WHAT IS BEING ASKED: In the material below, find the span from the line with "new 2025 Jeep" to the line with "1TB 4.0 nvme" and transcribe only those lines, exactly, ends included, without the pictures.

DATA FOR THIS TASK:
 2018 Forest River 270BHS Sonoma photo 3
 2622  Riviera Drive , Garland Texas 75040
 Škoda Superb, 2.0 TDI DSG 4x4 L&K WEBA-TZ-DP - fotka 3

--

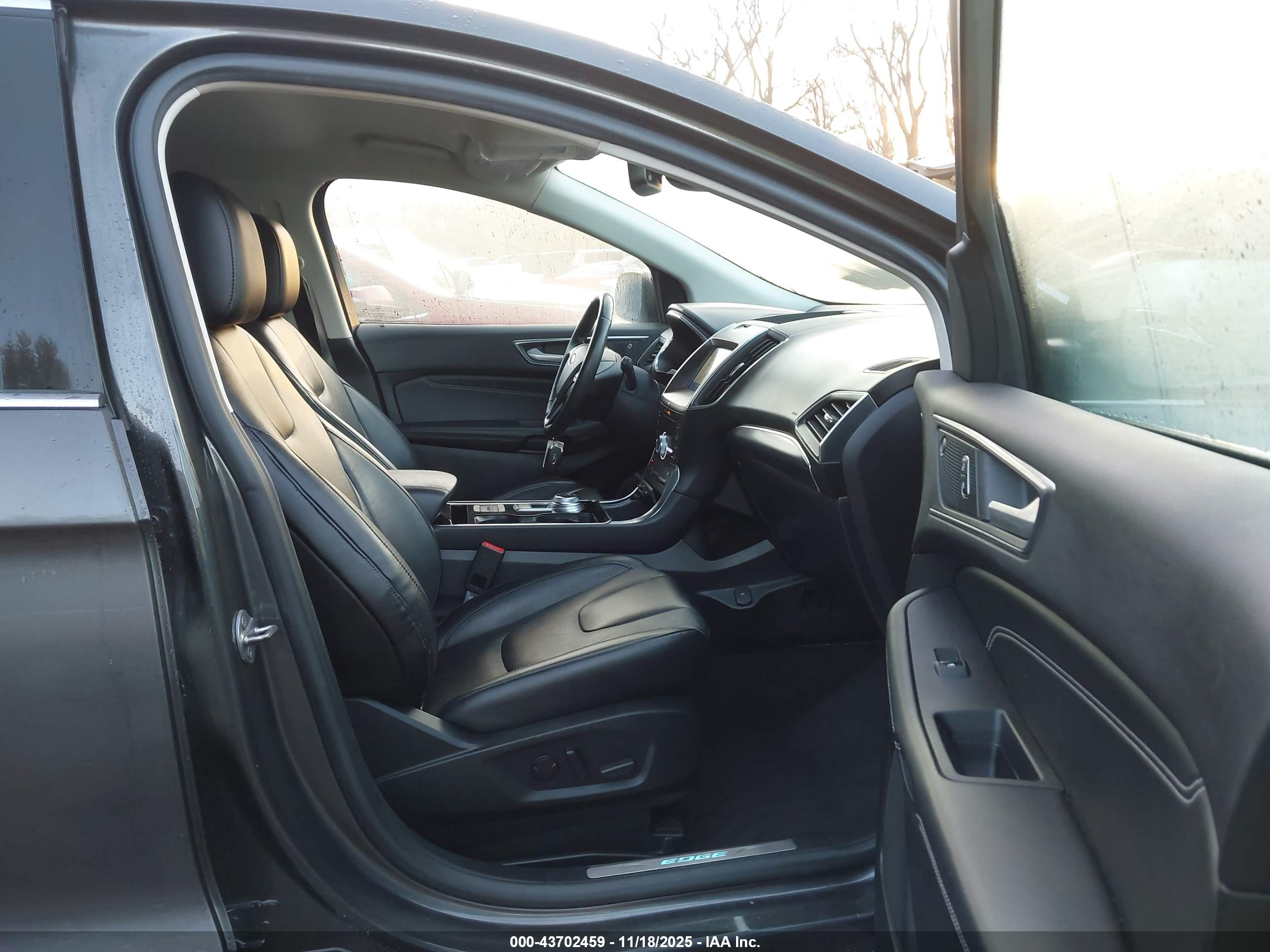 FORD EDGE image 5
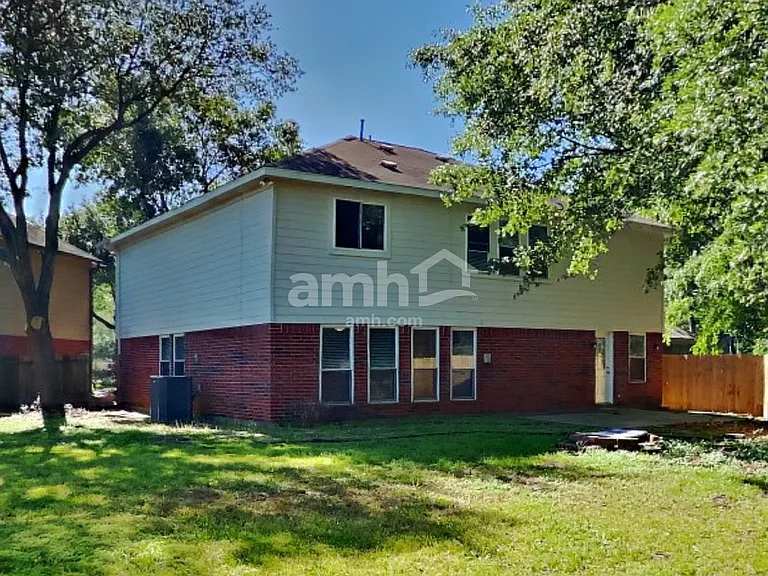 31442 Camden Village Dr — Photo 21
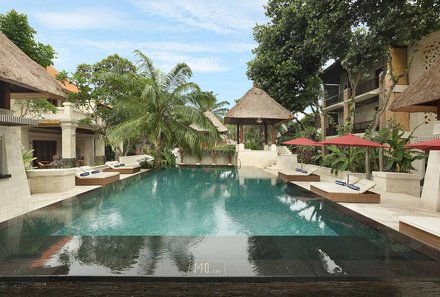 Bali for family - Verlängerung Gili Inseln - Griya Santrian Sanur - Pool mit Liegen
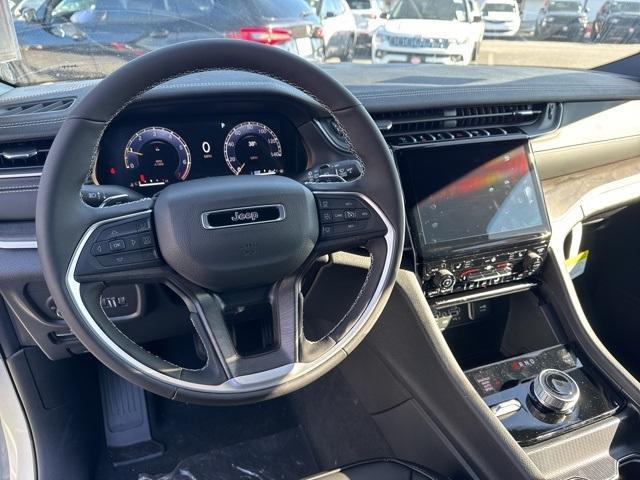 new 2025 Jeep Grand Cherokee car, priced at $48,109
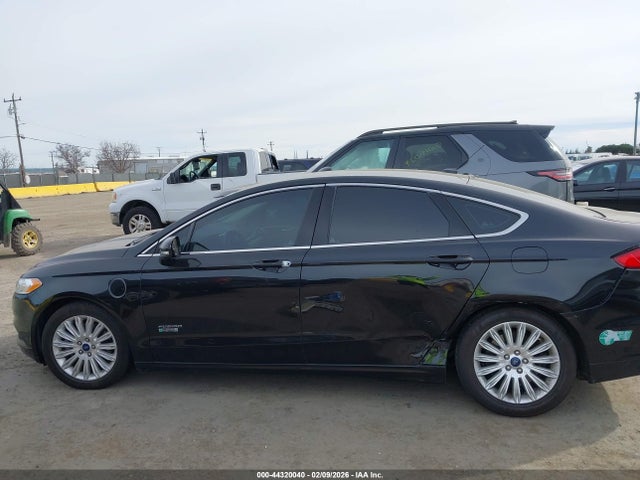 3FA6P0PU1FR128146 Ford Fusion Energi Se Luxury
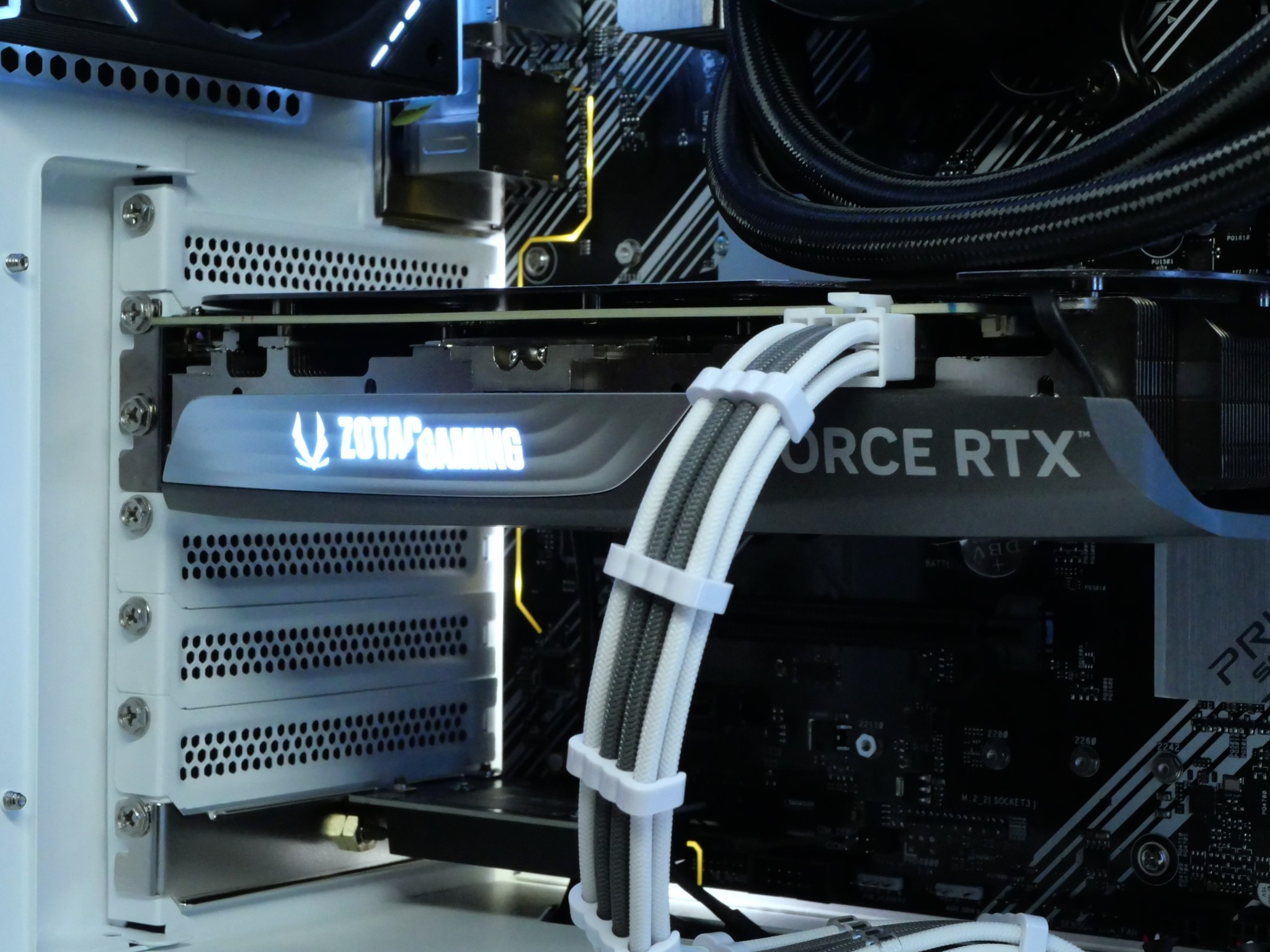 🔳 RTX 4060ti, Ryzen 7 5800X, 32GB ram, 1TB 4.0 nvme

YOUR RESPONSE:
 new 2025 Jeep Grand Cherokee car, priced at $48,109
 3FA6P0PU1FR128146 Ford Fusion Energi Se Luxury
 🔳 RTX 4060ti, Ryzen 7 5800X, 32GB ram, 1TB 4.0 nvme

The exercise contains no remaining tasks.